O pianista Oriano era nascido em Belém do Pará, mas de família no RN, entre Macau e Natal. Seu tio era o grande maestro Waldemar de Almeida (1904-1975). O mesmo além de exímio músico, era pesquisador musical, escritor e memorialista. Profundo conhecedor da música clássica mundial, conversava com muita propriedade sobre as vidas e as obras dos geniais Chopin e Debussy. Ainda assumiu a vaga de Câmara Cascudo na Academia de Letras do RN, cadeira 13. Na ocasião, foi saudado pelo grande amigo Enélio Lima Petrovich (1934-2012). Eu estava na referida solenidade e posso testemunhar que a noite de 12 de setembro de 1996, foi uma linda festa homenagem com inúmeros escritores e público em geral que ali estavam.

Em vida, Oriano recebeu diversas homenagens no Rio de Janeiro e São Paulo. E, merecidamente, recebeu comendas culturais e o título de cidadania natalense.

Aqui fica o meu singelo registro no livro das boas e ilustres amizades.

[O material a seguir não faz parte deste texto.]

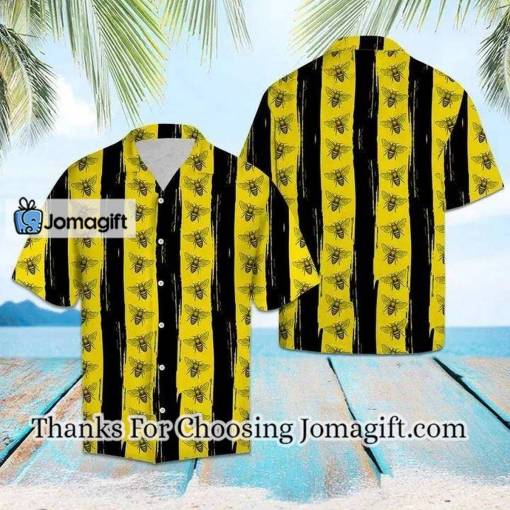 [Fashionable] Black Stripes In Yellow Bees Design Hawaiian Shirt Gift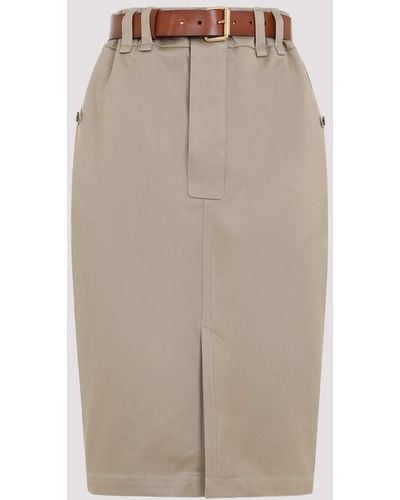 Saint Laurent Beige Cotton Skirt - Natural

Espero ter feito, embora reconheça que foi demasiadamente pouco, a minha parte nas homenagens que, com certeza, se seguirão ao meu saudoso confrade, amigo e grande pianista Oriano de Almeida.

O genial poeta e também músico, Vinicius de Morais (1913-1980) amante da liberdade, disse-nos que poucas coisas deveriam ser proibidas na vida, entre elas: “É proibido ter medo de suas lembranças!”.

E o povo está certíssimo, quando afirma nas feiras em que ando corriqueiramente que a ‘ingratidão’ é a mãe do miserável ‘esquecimento’. Para aqueles ou aquelas que ficam omissos, dizem que na história do tempo, não haverá perdão algum…

Amizades são amizades, que tenham sido por poucos anos ou por décadas. O tempo pouco importa. O que nos fica realmente, são as lembranças e as gratidões, destas.

Que seja sempre lembrado e louvado, o amigo pianista e escritor Oriano de Almeida!

15/07/2021 – Morada São Saruê, Nísia Floresta/RN.